### What you have to do
From the listing below, please restate exactly the lines beginning at the one with "Sukiti Friedliche Lotus-Meditations-Kunstaufkleber" and ending at the one with "A-Linie U-Ausschnitt Illusion", both included, and skip the pictures.

### Given data
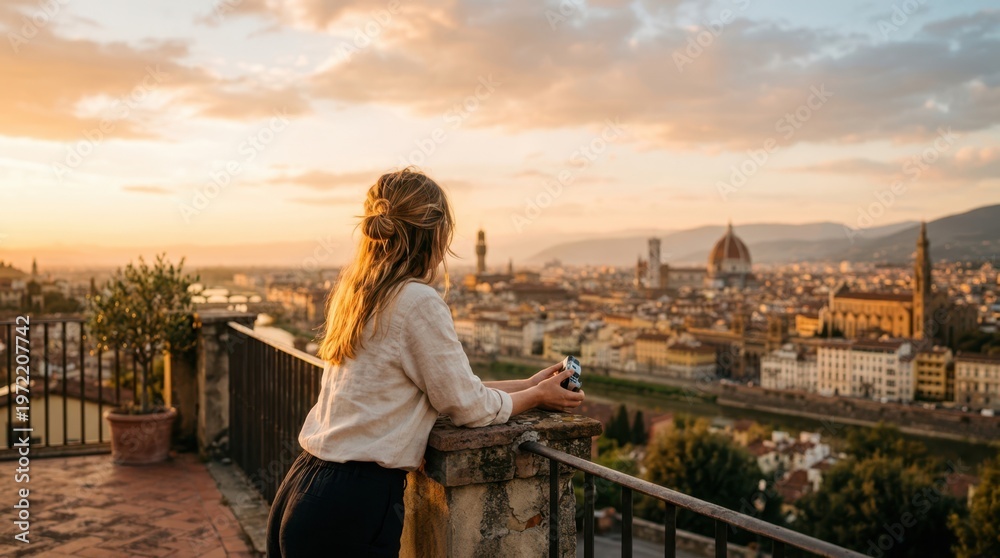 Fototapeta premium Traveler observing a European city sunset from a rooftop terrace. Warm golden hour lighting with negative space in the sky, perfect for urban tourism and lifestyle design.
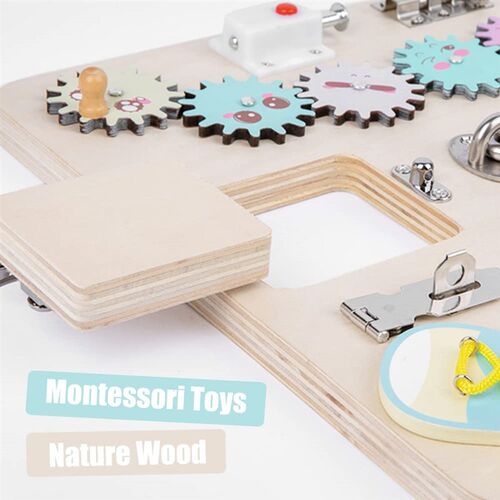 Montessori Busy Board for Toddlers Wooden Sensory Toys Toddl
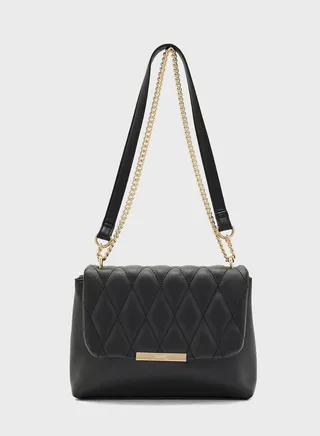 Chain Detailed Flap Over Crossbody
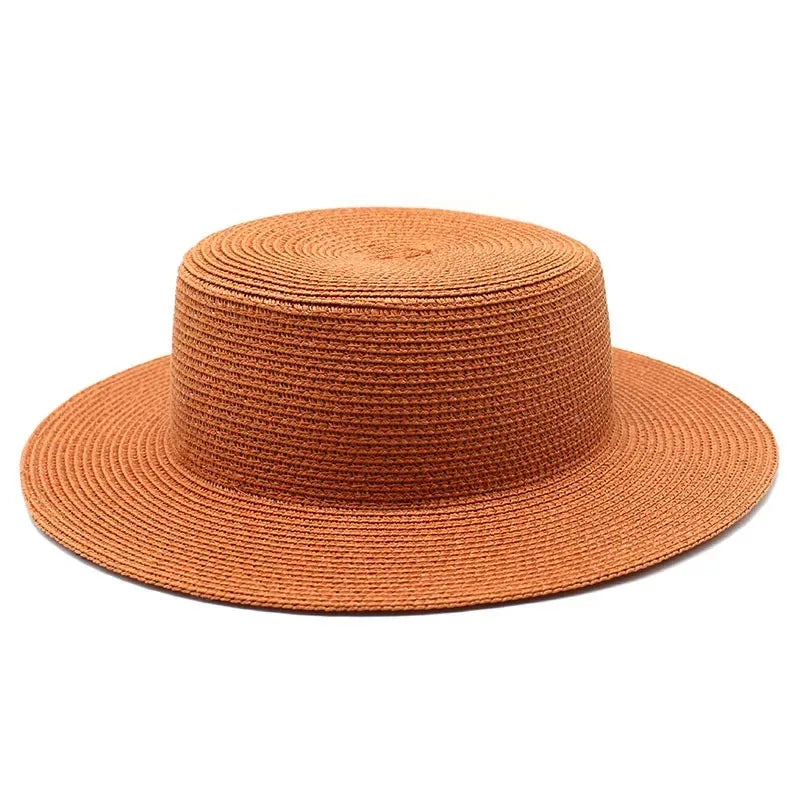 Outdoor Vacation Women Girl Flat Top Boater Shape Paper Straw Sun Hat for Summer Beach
--
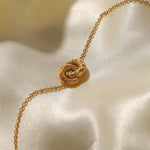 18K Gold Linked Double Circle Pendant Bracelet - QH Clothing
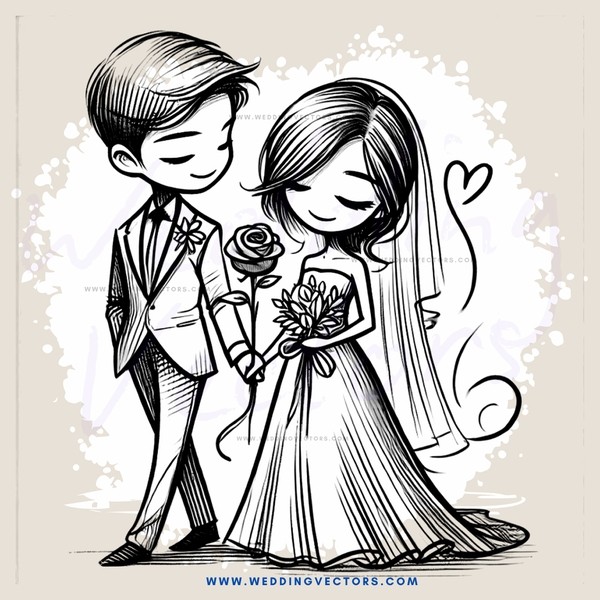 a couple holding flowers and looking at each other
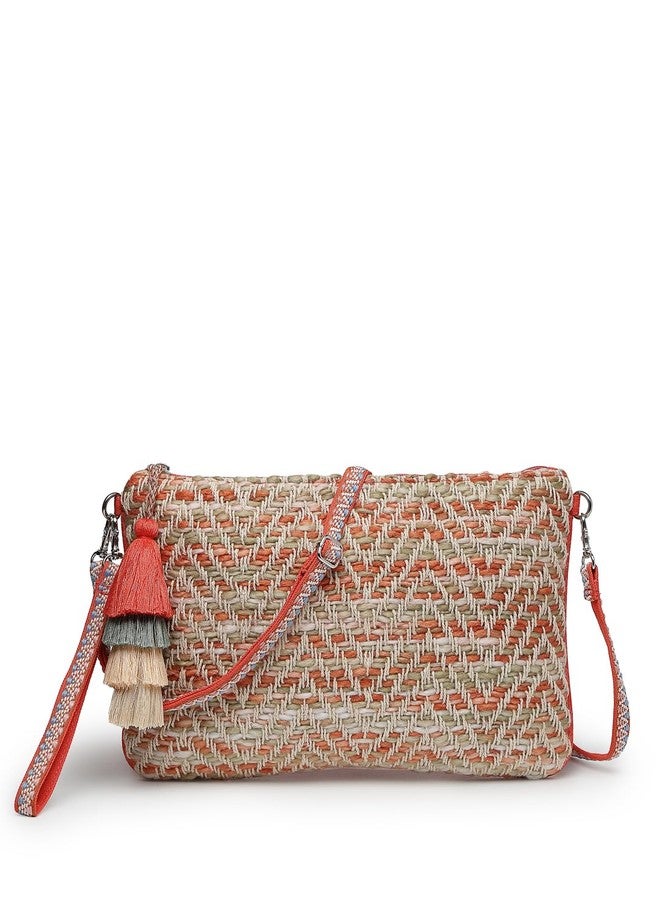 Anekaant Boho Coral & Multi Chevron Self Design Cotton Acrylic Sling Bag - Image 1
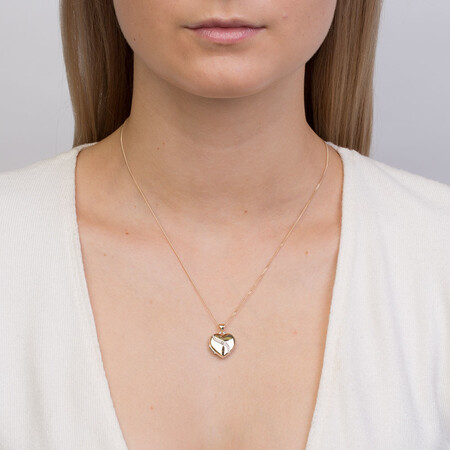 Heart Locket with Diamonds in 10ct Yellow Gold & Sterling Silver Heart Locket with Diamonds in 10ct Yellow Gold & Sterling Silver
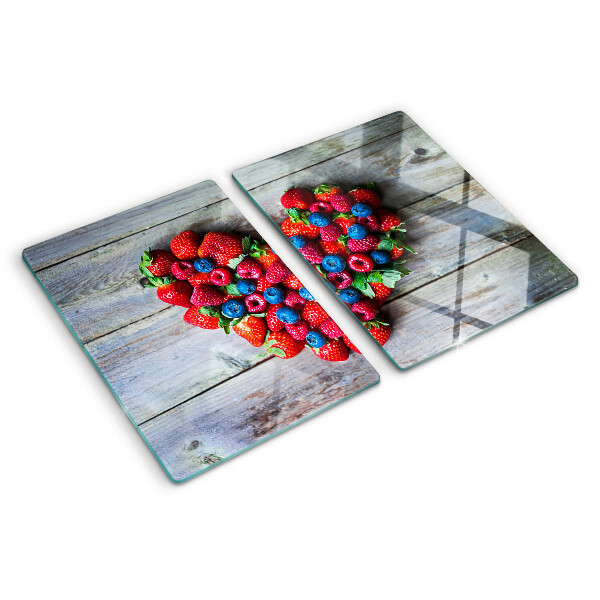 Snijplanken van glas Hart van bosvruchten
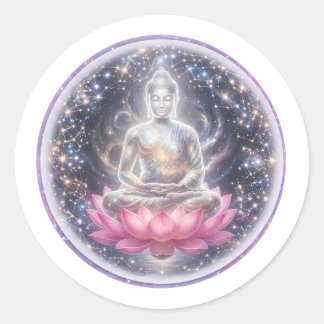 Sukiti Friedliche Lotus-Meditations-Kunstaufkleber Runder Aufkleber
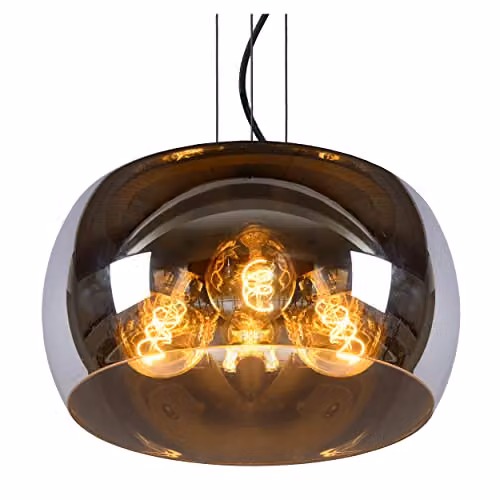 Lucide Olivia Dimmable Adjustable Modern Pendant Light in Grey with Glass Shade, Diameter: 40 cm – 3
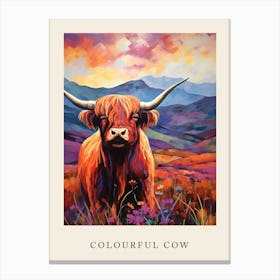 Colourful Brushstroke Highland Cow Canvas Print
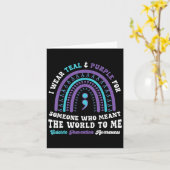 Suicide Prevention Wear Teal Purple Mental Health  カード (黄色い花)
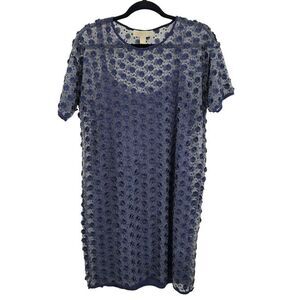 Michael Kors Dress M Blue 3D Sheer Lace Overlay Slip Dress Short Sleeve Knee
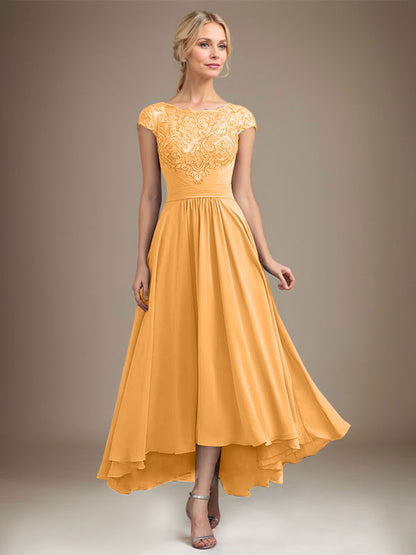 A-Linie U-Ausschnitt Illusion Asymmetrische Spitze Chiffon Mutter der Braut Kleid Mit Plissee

### Response area
 Sukiti Friedliche Lotus-Meditations-Kunstaufkleber Runder Aufkleber
 Lucide Olivia Dimmable Adjustable Modern Pendant Light in Grey with Glass Shade, Diameter: 40 cm – 3
 Colourful Brushstroke Highland Cow Canvas Print
 Suicide Prevention Wear Teal Purple Mental Health  カード (黄色い花)
 Michael Kors Dress M Blue 3D Sheer Lace Overlay Slip Dress Short Sleeve Knee
 A-Linie U-Ausschnitt Illusion Asymmetrische Spitze Chiffon Mutter der Braut Kleid Mit Plissee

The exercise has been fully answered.